Beweisanträge, die in der Hauptverhandlung gestellt werden, sind gemäß §§ 46 Abs. 1 OWiG, 244 Abs. 3 – 6 StPO in der Hauptverhandlung vor Schluss der Beweisaufnahme zu bescheiden (Meyer-Goßner/Schmitt, StPO, 58. Aufl., Rn. 41 ff). Im Falle der Ablehnung des Beweisantrages gilt dies, um dem Betroffenen rechtliches Gehör zu gewähren, in der Form, dass ihm mitgeteilt wird, weshalb seinem Beweisantrag nicht nachgegangen wird. Dadurch soll ihm Gelegenheit gegeben werden, durch Nachbesserungen, Ergänzungen oder rechtliche Ausführungen darauf hinzuwirken, dass das Gericht seine Auffassung überdenkt und dem Beweisbegehren doch noch nachgeht.

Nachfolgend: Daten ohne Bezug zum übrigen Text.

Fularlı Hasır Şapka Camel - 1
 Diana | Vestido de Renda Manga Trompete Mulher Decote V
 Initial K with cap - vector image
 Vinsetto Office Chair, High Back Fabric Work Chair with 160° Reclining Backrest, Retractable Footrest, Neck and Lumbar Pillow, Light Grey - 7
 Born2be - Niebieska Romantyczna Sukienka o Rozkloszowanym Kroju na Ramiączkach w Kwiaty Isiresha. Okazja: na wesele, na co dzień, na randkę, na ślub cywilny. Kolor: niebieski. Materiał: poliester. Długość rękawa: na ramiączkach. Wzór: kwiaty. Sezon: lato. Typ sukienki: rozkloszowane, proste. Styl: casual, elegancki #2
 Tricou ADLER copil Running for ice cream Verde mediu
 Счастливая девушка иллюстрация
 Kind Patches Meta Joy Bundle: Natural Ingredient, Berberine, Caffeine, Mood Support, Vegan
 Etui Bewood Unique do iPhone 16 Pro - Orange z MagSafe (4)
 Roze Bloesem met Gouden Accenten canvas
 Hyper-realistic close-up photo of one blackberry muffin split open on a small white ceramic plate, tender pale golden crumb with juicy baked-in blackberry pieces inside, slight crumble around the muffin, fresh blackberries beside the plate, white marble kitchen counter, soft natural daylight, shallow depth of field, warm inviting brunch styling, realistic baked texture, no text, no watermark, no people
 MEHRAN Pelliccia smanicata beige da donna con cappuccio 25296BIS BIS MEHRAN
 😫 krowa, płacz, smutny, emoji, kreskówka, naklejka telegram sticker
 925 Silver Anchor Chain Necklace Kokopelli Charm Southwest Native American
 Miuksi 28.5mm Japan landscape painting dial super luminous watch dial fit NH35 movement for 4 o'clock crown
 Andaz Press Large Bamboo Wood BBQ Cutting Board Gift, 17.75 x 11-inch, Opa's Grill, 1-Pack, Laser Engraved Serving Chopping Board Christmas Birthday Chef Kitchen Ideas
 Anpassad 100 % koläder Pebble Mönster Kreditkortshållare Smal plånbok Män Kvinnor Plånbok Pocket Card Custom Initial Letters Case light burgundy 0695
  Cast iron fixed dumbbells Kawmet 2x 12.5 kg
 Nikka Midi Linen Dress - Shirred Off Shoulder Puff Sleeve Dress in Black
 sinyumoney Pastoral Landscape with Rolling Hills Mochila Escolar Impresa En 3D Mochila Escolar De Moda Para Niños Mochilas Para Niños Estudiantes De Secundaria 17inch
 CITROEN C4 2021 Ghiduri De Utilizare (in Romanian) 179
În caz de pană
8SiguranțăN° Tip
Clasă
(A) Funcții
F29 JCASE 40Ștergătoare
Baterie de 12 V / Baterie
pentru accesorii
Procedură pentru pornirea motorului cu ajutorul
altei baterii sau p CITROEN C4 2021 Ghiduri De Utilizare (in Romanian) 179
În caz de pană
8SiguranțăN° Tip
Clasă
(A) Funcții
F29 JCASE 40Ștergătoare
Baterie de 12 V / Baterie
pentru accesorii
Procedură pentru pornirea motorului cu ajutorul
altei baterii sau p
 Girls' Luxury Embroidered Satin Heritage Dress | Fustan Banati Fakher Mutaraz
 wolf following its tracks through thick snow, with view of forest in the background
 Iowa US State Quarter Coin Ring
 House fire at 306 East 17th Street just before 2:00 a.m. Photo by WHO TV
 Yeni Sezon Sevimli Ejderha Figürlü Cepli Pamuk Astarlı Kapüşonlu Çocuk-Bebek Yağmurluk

Durch die Nichtbescheidung des Beweisantrages vor Urteilsverkündung hat das Gericht dem Betroffenen das rechtliche Gehör abgeschnitten, worauf das Urteil beruht.

Der Senat sieht sich zum wiederholten Male veranlasst, die Sache gemäß § 79 Abs. 6 OWiG an ein anderes Amtsgericht zu verweisen, weil er bereits mehrfach feststellen musste, dass den Betroffenen in Bußgeldsachen beim Amtsgericht Dessau-Roßlau das rechtliche Gehör verweigert wird, und deswegen Anlass zu der Befürchtung hat, dass sich eine solche Grundrechtsverletzung bei Zurückverweisung an das Amtsgericht Dessau-Roßlau wiederholen wird.